**Exercise input**
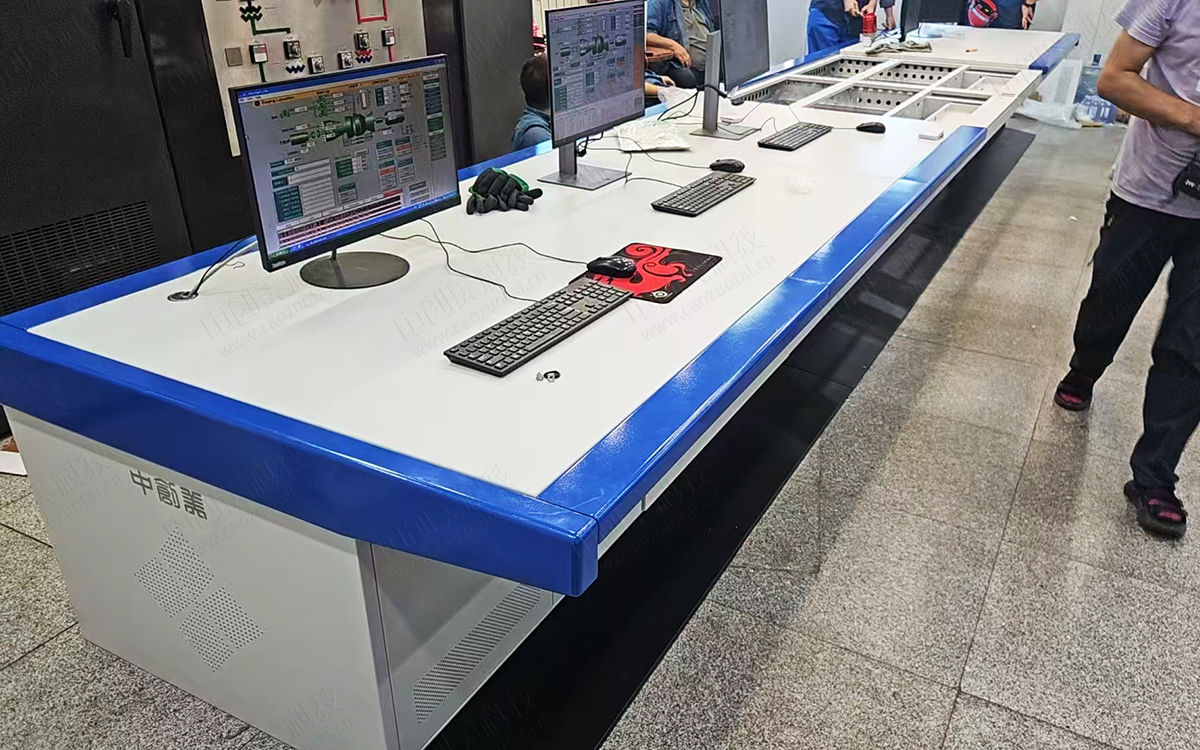 工業中控室平臺操作臺圖片
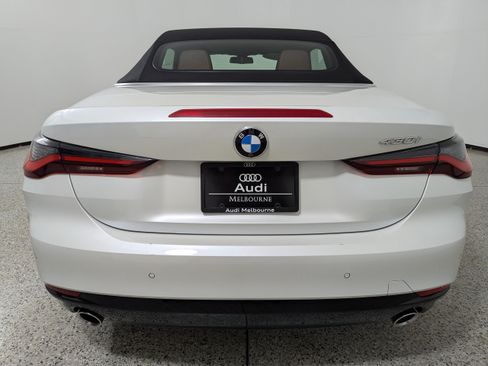 Used 2025 BMW 430i Convertible RWD image 6
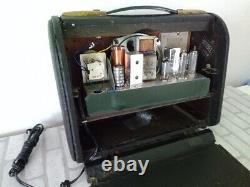 1960 Vintage Zenith Vacuum Tube Radio Model H503 Portable Super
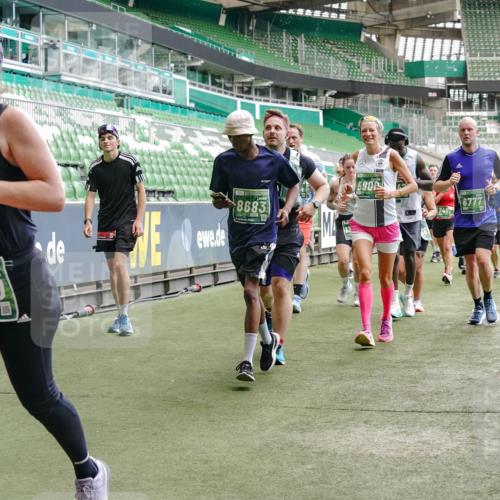 13.09.2026 - 21. swb-Marathon Bremen Michael Burmester http://msf.ph/oto/10448571 13.09.2026 13:08:52 Laufen im Stadion 383, 391, 489, 532, 549, 551, 563, 625, 682, 800, 808, 809, 813, 884, 898, 911, 1025, 1072, 1124, 1150, 1173, 1210, 1285, 1289, 1322, 1364, 1395, 1398, 1532, 1559, 1688, 1831, 1854, 1880, 1899, 2003, 2041, 2208, 2215, 2229, 2243, 2283, 2366, 2380, 2405, 2413, 2429, 2441, 2467, 2471, 2492, 2525, 2565, 2611, 2635, 2692, 2727, 2782, 2802, 2823, 2831, 2841, 2866, 2897, 2930, 2931, 2941, 2949, 3032, 3316, 3327, 3333, 3398, 3437, 3707, 3769, 109 meine-sportfotos.de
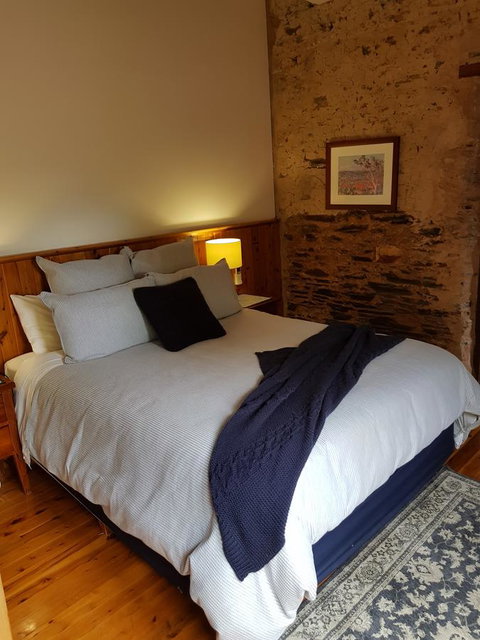 William Hunt's Retreat - Cypress Studio - Accommodation Mermaid Beach 2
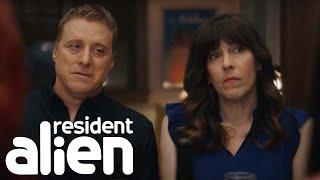 Harry and Heather Make Interesting Dinner Guests | Resident Alien (S3 E5) | SYFY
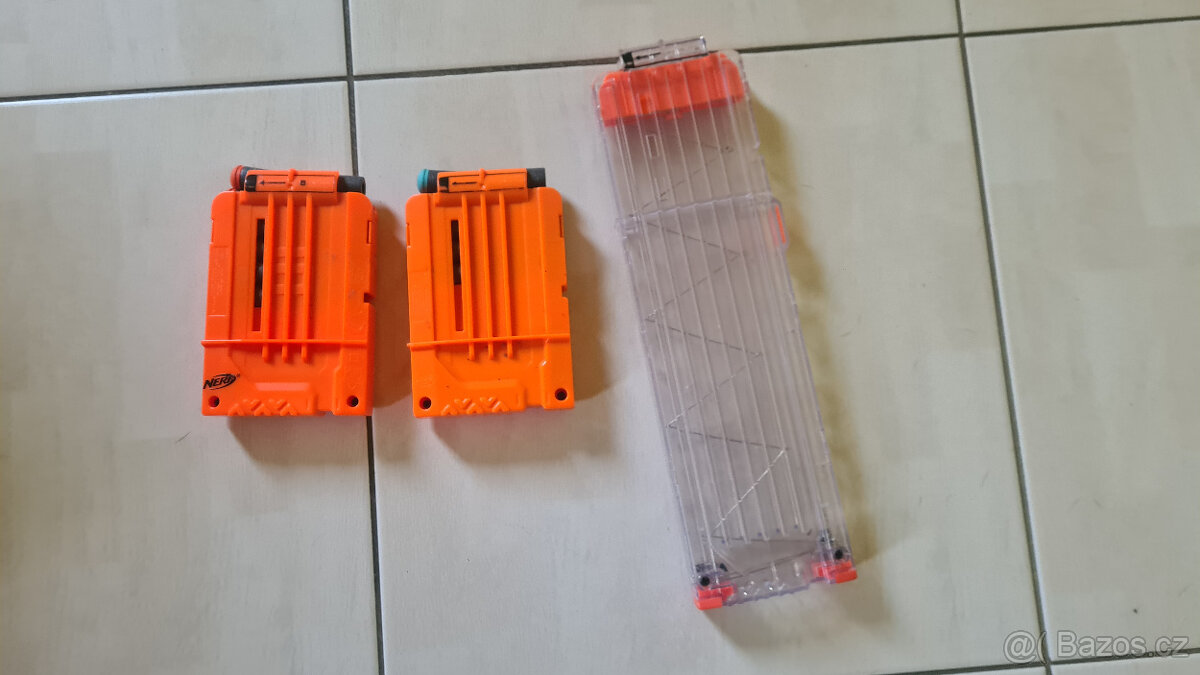 Nerf Pistole Elite Mega Mastodont a další - 10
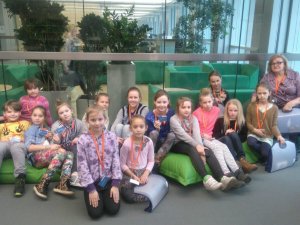 Siguldas 1.pamatskolas skolēni apmeklē Gaismas pili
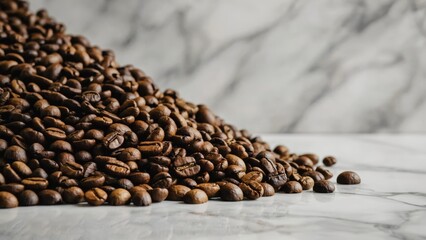 Obraz premium A pile of raw coffee beans on a tabletop, ready for roasting or brewing.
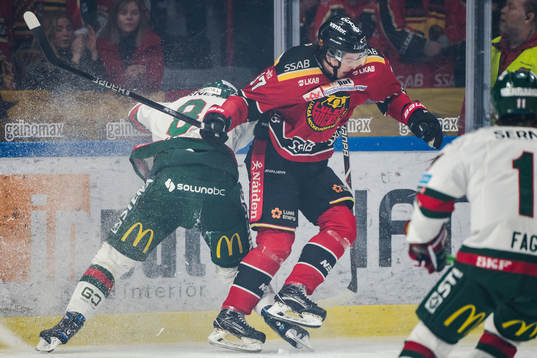 Frölundas Viktor Ekbom och Luleås Isac Lundeström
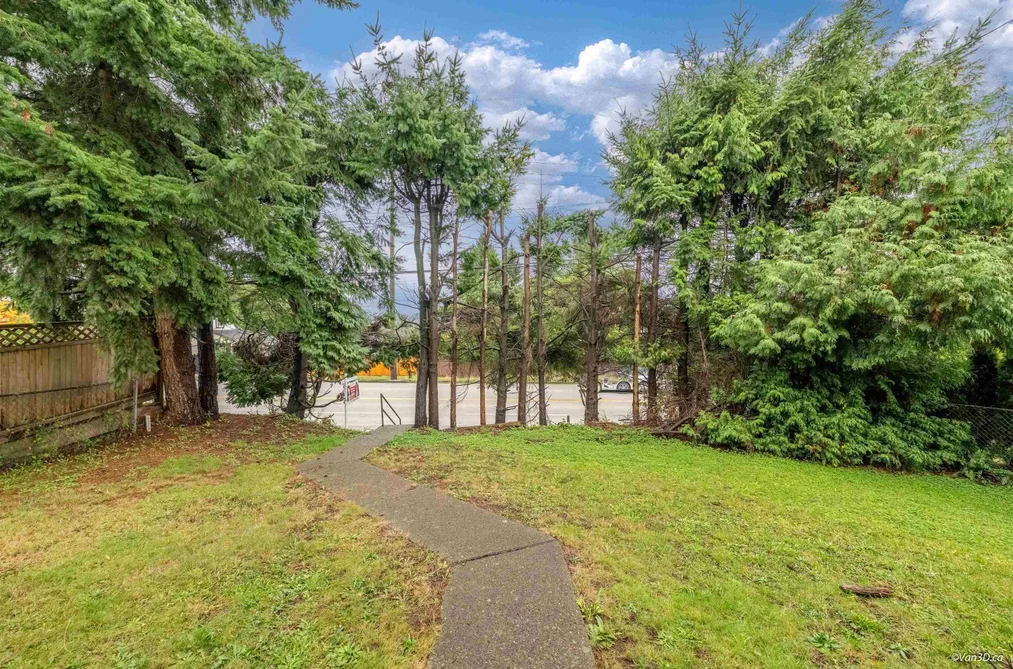 8167 10TH AVENUE, Burnaby BC V3N 2S5, Burnaby BC — Residential for Sale - Photo 2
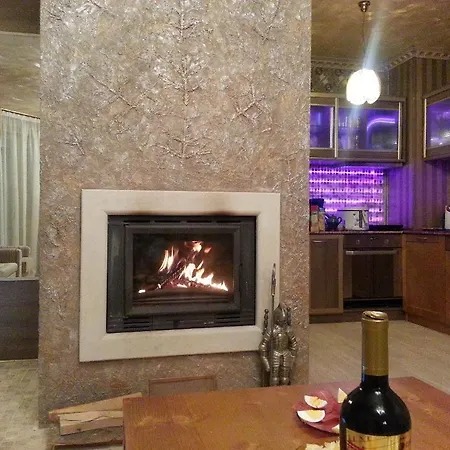 Harriet Hill Designer Bansko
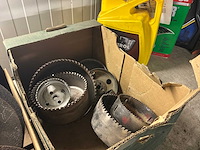 Werkbanken met inhoud (2x) - afbeelding 14 van  29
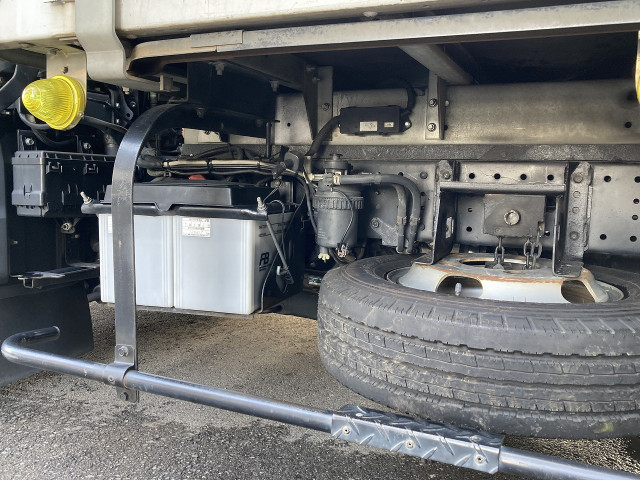 トヨタ ダイナ 小型 アルミバン 2RG-XZU605(95808) 9枚目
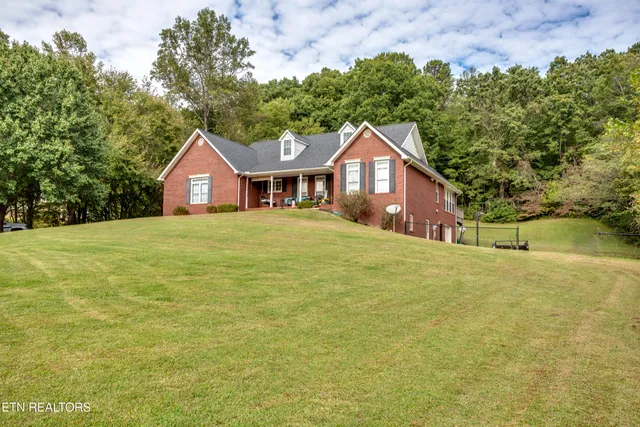 $439,900 | 949 Hill Street, Jellico, TN 37762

**Work to complete**
Reproduce each record from above exactly; pictures do not belong in the copy.

**Solved problem**
 工業中控室平臺操作臺圖片
 Used 2025 BMW 430i Convertible RWD image 6
 1960 Vintage Zenith Vacuum Tube Radio Model H503 Portable Super
 13.09.2026 - 21. swb-Marathon Bremen Michael Burmester http://msf.ph/oto/10448571 13.09.2026 13:08:52 Laufen im Stadion 383, 391, 489, 532, 549, 551, 563, 625, 682, 800, 808, 809, 813, 884, 898, 911, 1025, 1072, 1124, 1150, 1173, 1210, 1285, 1289, 1322, 1364, 1395, 1398, 1532, 1559, 1688, 1831, 1854, 1880, 1899, 2003, 2041, 2208, 2215, 2229, 2243, 2283, 2366, 2380, 2405, 2413, 2429, 2441, 2467, 2471, 2492, 2525, 2565, 2611, 2635, 2692, 2727, 2782, 2802, 2823, 2831, 2841, 2866, 2897, 2930, 2931, 2941, 2949, 3032, 3316, 3327, 3333, 3398, 3437, 3707, 3769, 109 meine-sportfotos.de
 William Hunt's Retreat - Cypress Studio - Accommodation Mermaid Beach 2
 Harry and Heather Make Interesting Dinner Guests | Resident Alien (S3 E5) | SYFY
 Nerf Pistole Elite Mega Mastodont a další - 10
 Siguldas 1.pamatskolas skolēni apmeklē Gaismas pili
 Obraz premium A pile of raw coffee beans on a tabletop, ready for roasting or brewing.
 Frölundas Viktor Ekbom och Luleås Isac Lundeström
 8167 10TH AVENUE, Burnaby BC V3N 2S5, Burnaby BC — Residential for Sale - Photo 2
 Harriet Hill Designer Bansko
 Werkbanken met inhoud (2x) - afbeelding 14 van  29
 トヨタ ダイナ 小型 アルミバン 2RG-XZU605(95808) 9枚目
 $439,900 | 949 Hill Street, Jellico, TN 37762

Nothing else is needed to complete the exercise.